▶ _About this task_
Output all the data below verbatim.

▶ _Data to use_
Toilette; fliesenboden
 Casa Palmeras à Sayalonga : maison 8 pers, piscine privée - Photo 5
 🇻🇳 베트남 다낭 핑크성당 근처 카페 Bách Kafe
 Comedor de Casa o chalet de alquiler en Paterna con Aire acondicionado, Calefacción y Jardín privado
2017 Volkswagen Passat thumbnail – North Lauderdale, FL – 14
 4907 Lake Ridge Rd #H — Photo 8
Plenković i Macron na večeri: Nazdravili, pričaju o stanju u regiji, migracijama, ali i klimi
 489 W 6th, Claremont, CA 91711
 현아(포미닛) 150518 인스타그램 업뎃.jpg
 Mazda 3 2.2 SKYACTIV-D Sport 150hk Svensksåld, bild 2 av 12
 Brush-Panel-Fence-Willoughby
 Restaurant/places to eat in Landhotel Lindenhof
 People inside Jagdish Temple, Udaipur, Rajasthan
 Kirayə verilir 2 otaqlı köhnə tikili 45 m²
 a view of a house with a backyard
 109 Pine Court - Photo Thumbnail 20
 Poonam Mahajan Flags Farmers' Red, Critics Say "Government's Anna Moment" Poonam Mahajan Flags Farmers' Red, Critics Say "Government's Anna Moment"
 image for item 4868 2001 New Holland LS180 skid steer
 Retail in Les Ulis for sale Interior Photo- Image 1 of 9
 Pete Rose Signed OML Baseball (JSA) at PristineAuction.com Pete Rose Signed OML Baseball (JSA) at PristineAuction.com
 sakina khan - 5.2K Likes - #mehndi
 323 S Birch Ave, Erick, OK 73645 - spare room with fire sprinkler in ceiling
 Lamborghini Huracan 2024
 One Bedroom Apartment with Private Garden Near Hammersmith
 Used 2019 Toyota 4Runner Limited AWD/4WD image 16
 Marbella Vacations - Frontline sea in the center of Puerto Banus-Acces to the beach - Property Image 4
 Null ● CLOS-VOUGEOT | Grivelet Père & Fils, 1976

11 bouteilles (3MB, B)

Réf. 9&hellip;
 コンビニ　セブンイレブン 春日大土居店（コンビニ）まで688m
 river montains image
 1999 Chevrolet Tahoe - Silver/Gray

▶ _The answer_
Toilette; fliesenboden
 Casa Palmeras à Sayalonga : maison 8 pers, piscine privée - Photo 5
 🇻🇳 베트남 다낭 핑크성당 근처 카페 Bách Kafe
 Comedor de Casa o chalet de alquiler en Paterna con Aire acondicionado, Calefacción y Jardín privado
2017 Volkswagen Passat thumbnail – North Lauderdale, FL – 14
 4907 Lake Ridge Rd #H — Photo 8
Plenković i Macron na večeri: Nazdravili, pričaju o stanju u regiji, migracijama, ali i klimi
 489 W 6th, Claremont, CA 91711
 현아(포미닛) 150518 인스타그램 업뎃.jpg
 Mazda 3 2.2 SKYACTIV-D Sport 150hk Svensksåld, bild 2 av 12
 Brush-Panel-Fence-Willoughby
 Restaurant/places to eat in Landhotel Lindenhof
 People inside Jagdish Temple, Udaipur, Rajasthan
 Kirayə verilir 2 otaqlı köhnə tikili 45 m²
 a view of a house with a backyard
 109 Pine Court - Photo Thumbnail 20
 Poonam Mahajan Flags Farmers' Red, Critics Say "Government's Anna Moment" Poonam Mahajan Flags Farmers' Red, Critics Say "Government's Anna Moment"
 image for item 4868 2001 New Holland LS180 skid steer
 Retail in Les Ulis for sale Interior Photo- Image 1 of 9
 Pete Rose Signed OML Baseball (JSA) at PristineAuction.com Pete Rose Signed OML Baseball (JSA) at PristineAuction.com
 sakina khan - 5.2K Likes - #mehndi
 323 S Birch Ave, Erick, OK 73645 - spare room with fire sprinkler in ceiling
 Lamborghini Huracan 2024
 One Bedroom Apartment with Private Garden Near Hammersmith
 Used 2019 Toyota 4Runner Limited AWD/4WD image 16
 Marbella Vacations - Frontline sea in the center of Puerto Banus-Acces to the beach - Property Image 4
 Null ● CLOS-VOUGEOT | Grivelet Père & Fils, 1976

11 bouteilles (3MB, B)

Réf. 9&hellip;
 コンビニ　セブンイレブン 春日大土居店（コンビニ）まで688m
 river montains image
 1999 Chevrolet Tahoe - Silver/Gray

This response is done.